The above example would be translated to CUDA by changing just a few things:

The thread indexing would be idx = threadIdx().x instead of i = thread_position_in_grid_1d()
The GPU arrays should be created with CuArray instead of MtlArray.
The kernel macro would be @cuda threads=1024 calculate_present_values_kernel!(...) instead of @metal threads=threads groups=groups calculate_present_values_kernel(...). The memory sharing and synchronizing between threads is more manual than Metal.jl, but this is not strictly necessary for our example.

function calculate_present_values_kernel!(present_values,cashflows, discount_matrices)
    idx = threadIdx().x 

    pv = 0.0f0
    for t in 1:size(cashflows, 1)
        pv += cashflows[t] * discount_matrices[t, idx]
    end

    present_values[idx] = pv
    return nothing
end

groups = cld(num_scenarios, 512)

@cuda threads=threads calculate_present_values_kernel!(
    pvs_GPU,
    cashflows_GPU, 
    discount_matrices_GPU
    )

11.7 Multi-Processing / Multi-Device

Multiple device, or multi-device computer refers to using separate groups of memory/processor combinations to accomplish tasks in parallel. This can be as simple as multiple distinct cores on within a single desktop computer, or many separate computers networked across the internet, or many processors within a high performance cluster or a computing-as-a-service provider like Amazon Web Services or JuliaHub.

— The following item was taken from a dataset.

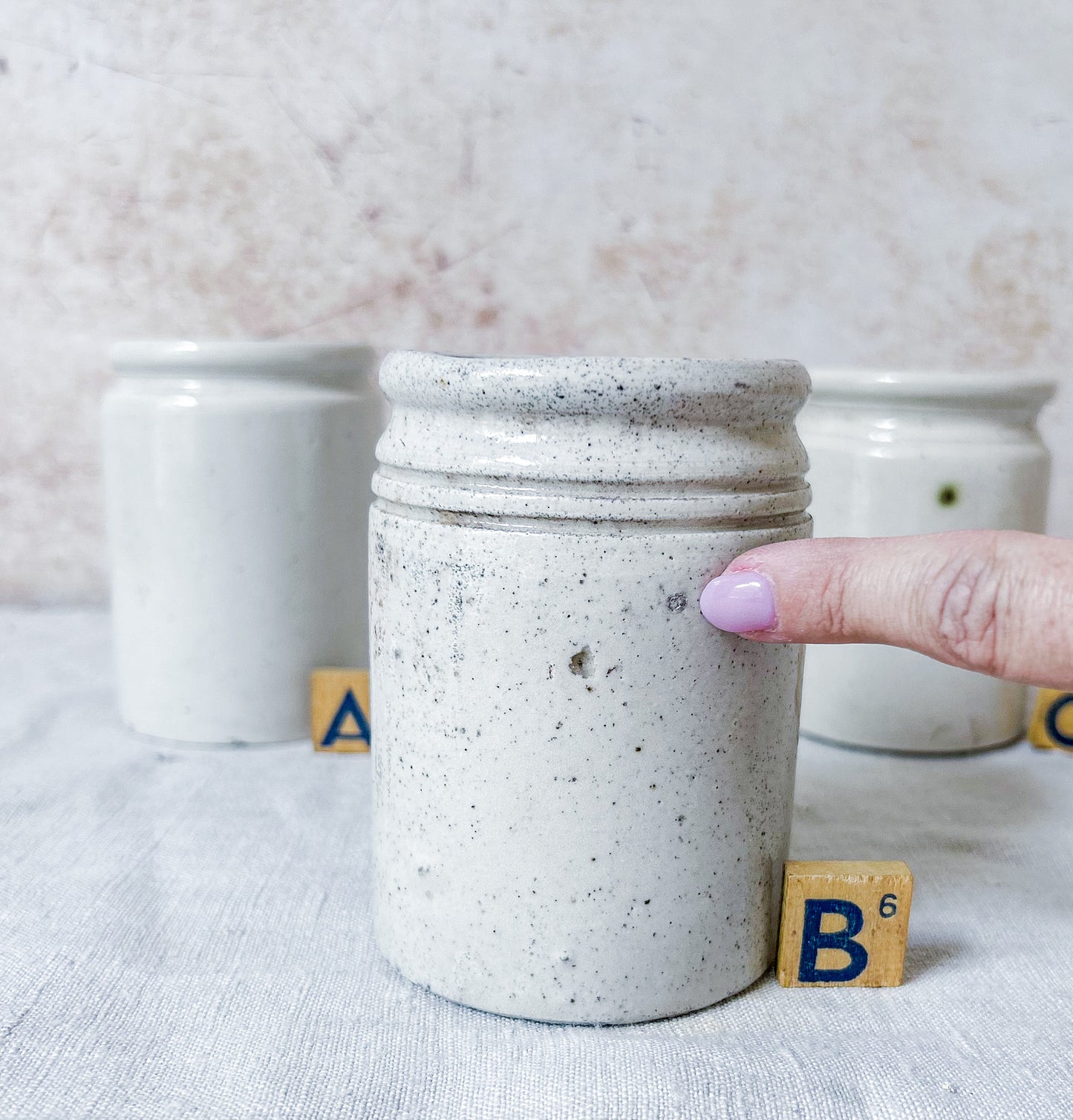 CHOICE Antique English Stoneware Marmalade Pot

Everything discussed previously related to hardware (Chapter 9, Section 11.5, Section 11.6) continues to apply. The additional complexity is attempting to synchronize the computation across multiple sets of the same (homogeneous) or different (heterogeneous) hardware.

As you might imagine, approaches to multi-device computing can vary widely. Julia’s approach tries to strike the balance between capability and user-friendliness and uses a primary/worker model wherein one of the processors is the main coordinator while other processors are “workers”. If only one processor is started, then the main processor is also a worker processor. This main/worker approach uses a “one-sided” approach to coordination. The main worker utilizes high level calls and the workers respond, with some of the communication and hand-off handled by Julia transparently from the user’s perspective.

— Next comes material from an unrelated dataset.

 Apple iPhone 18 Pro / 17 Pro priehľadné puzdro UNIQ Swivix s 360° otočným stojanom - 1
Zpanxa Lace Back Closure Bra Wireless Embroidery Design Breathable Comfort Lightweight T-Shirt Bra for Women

A useful mental model is the asynchronous task-based concepts discussed in Section 11.5.1, as the main worker will effectively queue work with the worker processors. Because there may be a delay associated with the computation or the communication between the processors, the worker runs asynchronously.

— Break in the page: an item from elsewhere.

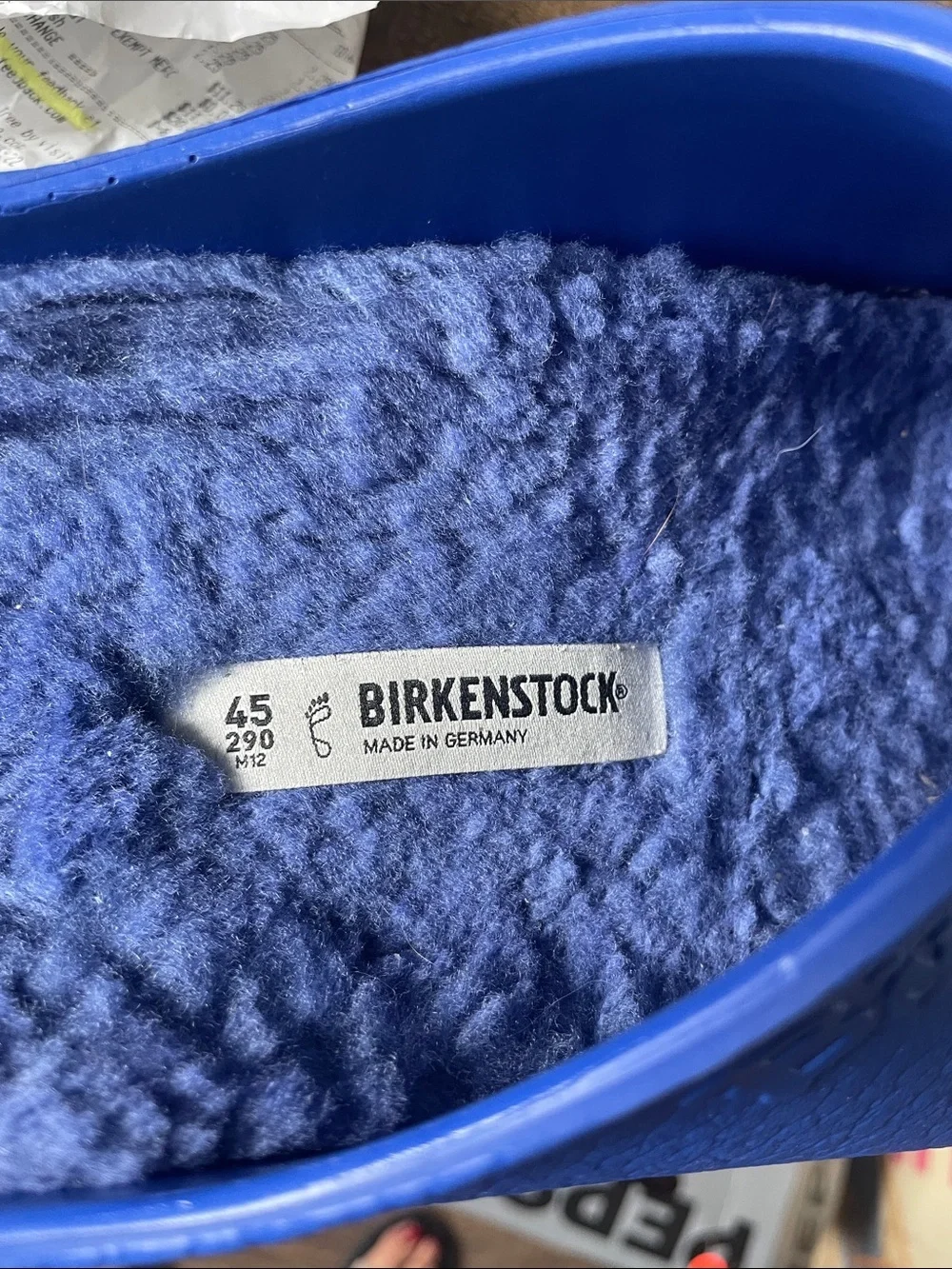 Birkenstock Blue Fleece-Lined Clogs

Description	Task API	Distributed Analogue
Create a new task	`Task()`	`@spawnat`
Run task asynchronously	`@async`	`@spawnat`
Retrieve task result	`fetch`	`fetch`
Wait for task completion	`@sync`	`sync`
Communication between tasks	`Channel`	`RemoteChannel`

Adapting the trade producer and monitor example from above to run on multiple processors (see #sec-channels to review the base model and algorithm), we make a few key changes:

using Distributed loads the Distributed standard Julia library, providing the interface for multi-processing across different hardware.
addprocs(n) will add n worker processors (the main processor is already counted as one worker). When adding local machine processors, the processors are part of the local machine. This starts new Julia processes (you can see this in the task manager of the machine) which inherit the package environment (i.e. Project.toml and environment variables) from the main process; this does not occur automatically if not part of the same local machine.
- To add processors from other machines, see the Distributed Computing section of the Julia docs.
myid() is the identification number of the given processor that’s been spun up.
We use a RemoteChannel instead of a Channel to facilitate communication across processors.
Instead of @async, we use @spawnat n to create a task for processor number n (or :any will automatically assign a processor).

See

using Distributed
let

println("here")
    # Add worker processes if not already added
    if nworkers() == 1
        addprocs(4)  # Add 4 worker processes
    end
    
    @everywhere function trade_producer(channel, i)
        sleep(rand())
        profit = randn()
        put!(channel, profit)
        println("Producer $(myid()): Trade Result #$i $(round(profit, digits=3))")
    end
    
    @everywhere function portfolio_monitor(channel, n)
        sum = 0.0
        for _ in 1:n 
            profit = take!(channel)
            sum += profit
            println("Monitor $(myid()): Received $(round(profit, digits=3)), Cumulative profit: $(round(sum, digits=3))")
        end
    end
    
    function run_distributed_simulation()
        channel = RemoteChannel(() -> Channel{Float64}(32))
    
        # Start producer and consumer tasks
        @sync begin
            for i in 1:5
                @spawnat :any trade_producer(channel, i)
            end
            @spawnat :any portfolio_monitor(channel, 5)
        end
    
        # Close the channel and wait for tasks to finish
        close(channel)
    end
    
    # Run the simulation
    run_distributed_simulation()
end

here
      From worker 2:    Producer 2: Trade Result #5 0.917
      From worker 3:    Monitor 3: Received 0.917, Cumulative profit: 0.917
      From worker 3:    Monitor 3: Received 0.374, Cumulative profit: 1.291
      From worker 2:    Producer 2: Trade Result #1 0.374
      From worker 3:    Monitor 3: Received 0.473, Cumulative profit: 1.764
      From worker 5:    Producer 5: Trade Result #4 0.473
      From worker 3:    Producer 3: Trade Result #2 0.669
      From worker 3:    Monitor 3: Received 0.669, Cumulative profit: 2.433
      From worker 3:    Monitor 3: Received 0.816, Cumulative profit: 3.249
      From worker 4:    Producer 4: Trade Result #3 0.816

Given the similarity to the single-process task-based version above, what’s the motivation for this bothering with a distributed approach? A few differences:

In this simplified example, we are simply starting additional Julia processes on the same machine. Like a threaded approach, the work will be split across the same multi-core processor. In this context, the main difference is that the processes do not share memory.
- Communicating across processes generally has a little bit more overhead than communicating across threads.
If distributing across machines, avoiding memory sharing is advantageous if using the different machines that have their own memory stores, which need not compete with the main process (such as distributed chunks of large datasets). This essentially helps with memory constrained problems since you are no longer limited by the memory size or throughput of a single machine.
The worker processors don’t need to be the same architecture as the main processor, allowing usage of different machines or cloud computing that is communicating with a local main process.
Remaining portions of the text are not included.